(Short web captions)

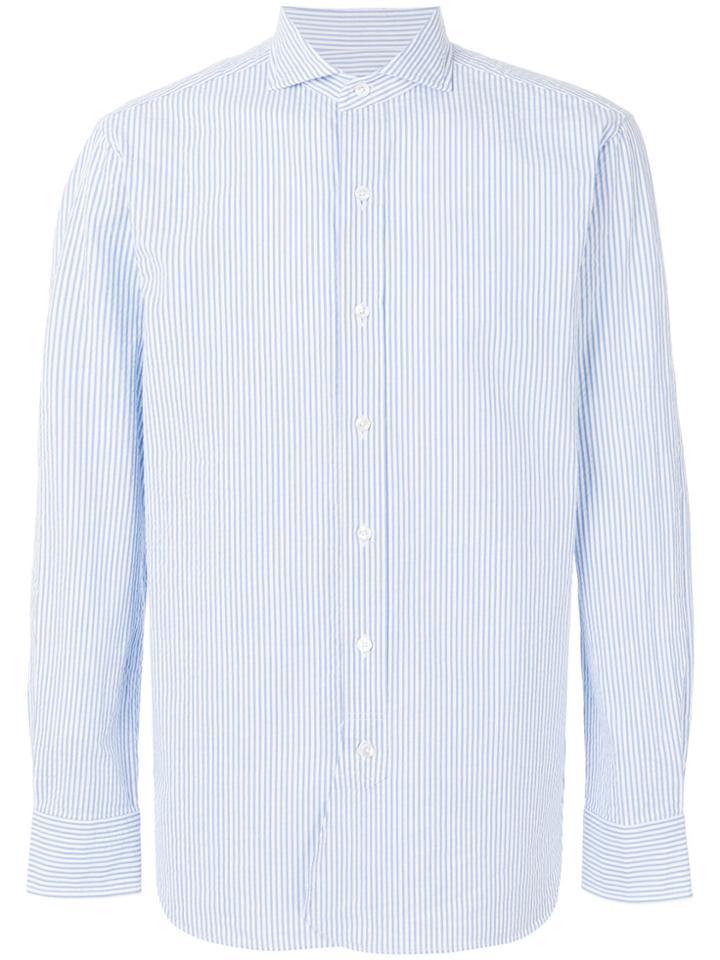 Doppiaa Striped Shirt - Blue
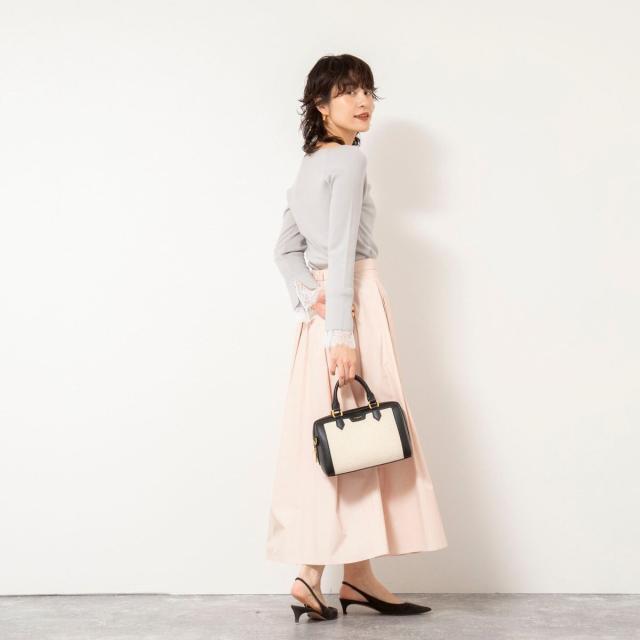 ノーリーズソフィー（NOLLEY’S sophi）/ウォッシャブルタフタタックフレアロングスカート_19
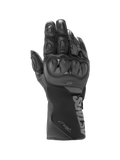 Luvas Alpinestars SP-365 Drystar, luvas de moto pretas e cinzentas, impermeáveis, com proteção de articulações SP.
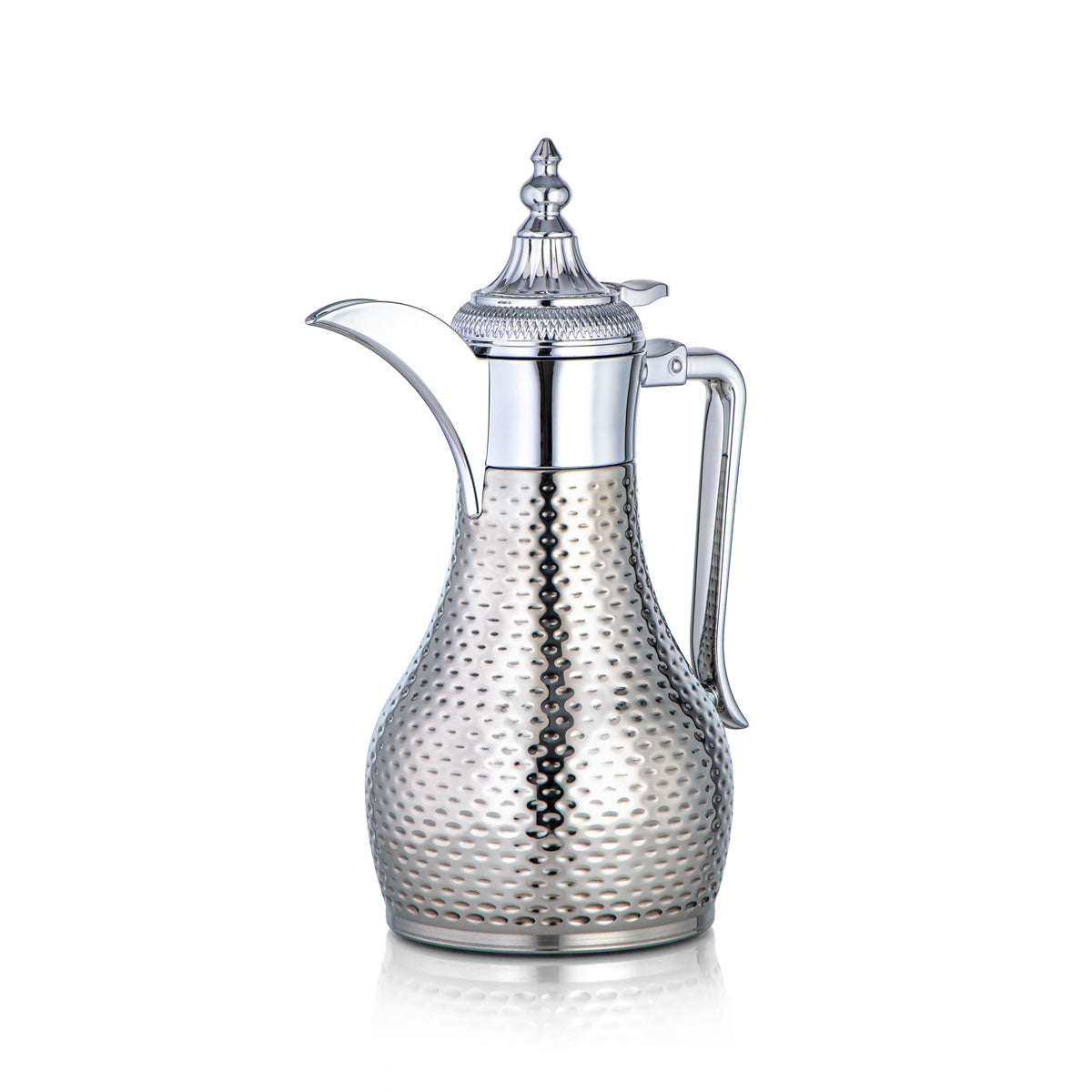 Almarjan 0.8 Liter Stainless Steel Vacuum Dallah Silver - SUD/H-080-CR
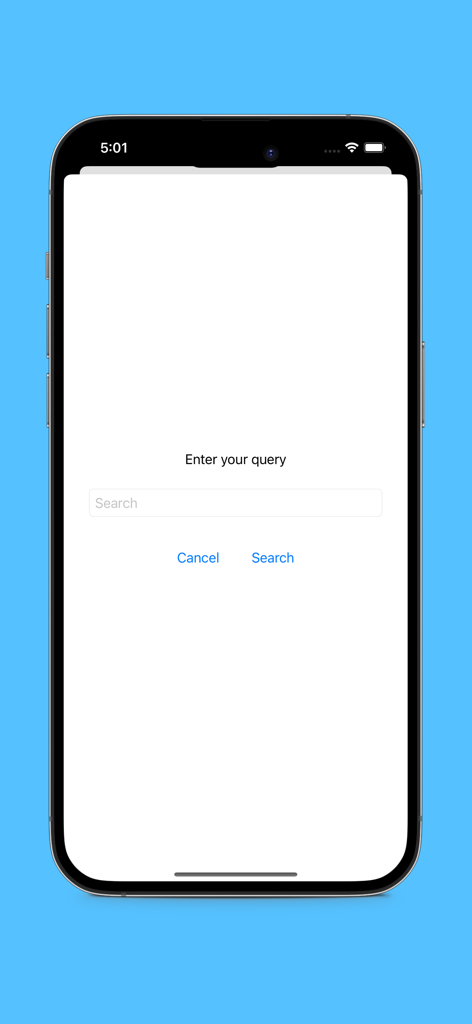 iGopherBrowser - iGopherBrowser search interface with a simple text entry box to query the Gopherspace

— What is needed —
Every line from the one containing "Luvas Alpinestars SP-365" through the final line of the records above is to be written out exactly; nothing else, and no pictures.

— Response to the task —
 Luvas Alpinestars SP-365 Drystar, luvas de moto pretas e cinzentas, impermeáveis, com proteção de articulações SP.
 Almarjan 0.8 Liter Stainless Steel Vacuum Dallah Silver - SUD/H-080-CR
 iGopherBrowser - iGopherBrowser search interface with a simple text entry box to query the Gopherspace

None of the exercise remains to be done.